• _RECORDS FOR THE EXERCISE_
· · ·

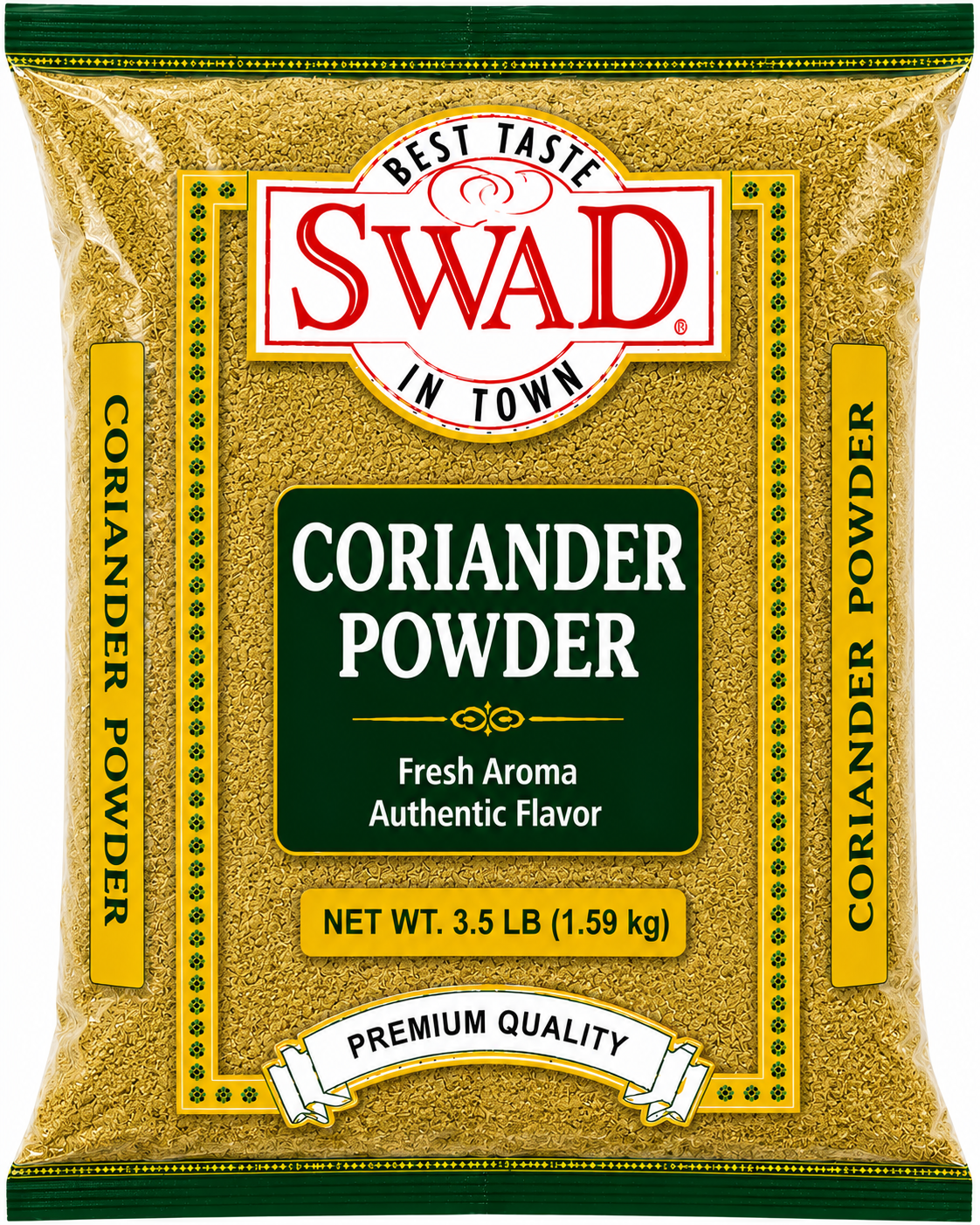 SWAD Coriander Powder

· · ·

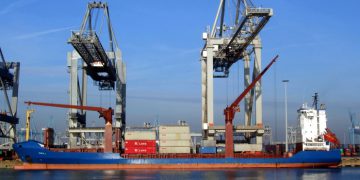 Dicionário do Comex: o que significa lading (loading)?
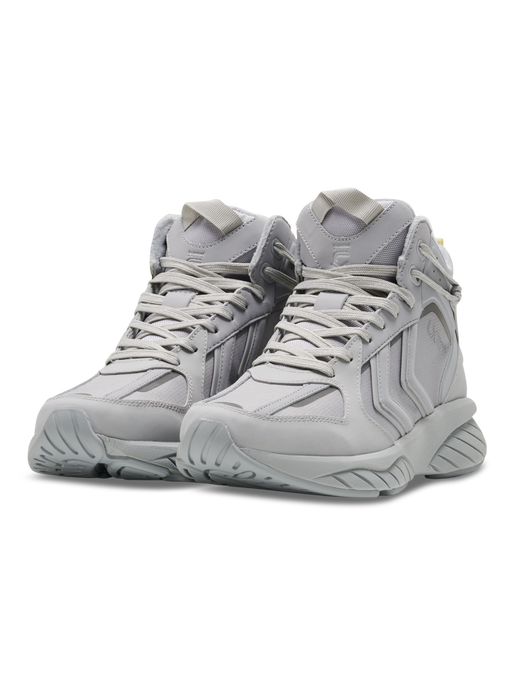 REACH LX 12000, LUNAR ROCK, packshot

· · ·

• _PROBLEM TO SOLVE_
Go back to the listing above and reproduce, exactly, the stretch from the line bearing "Dicionário do Comex: o" through the line bearing "REACH LX 12000, LUNAR ROCK, packshot", without its pictures.

• _YOUR SOLUTION_
 Dicionário do Comex: o que significa lading (loading)?
 REACH LX 12000, LUNAR ROCK, packshot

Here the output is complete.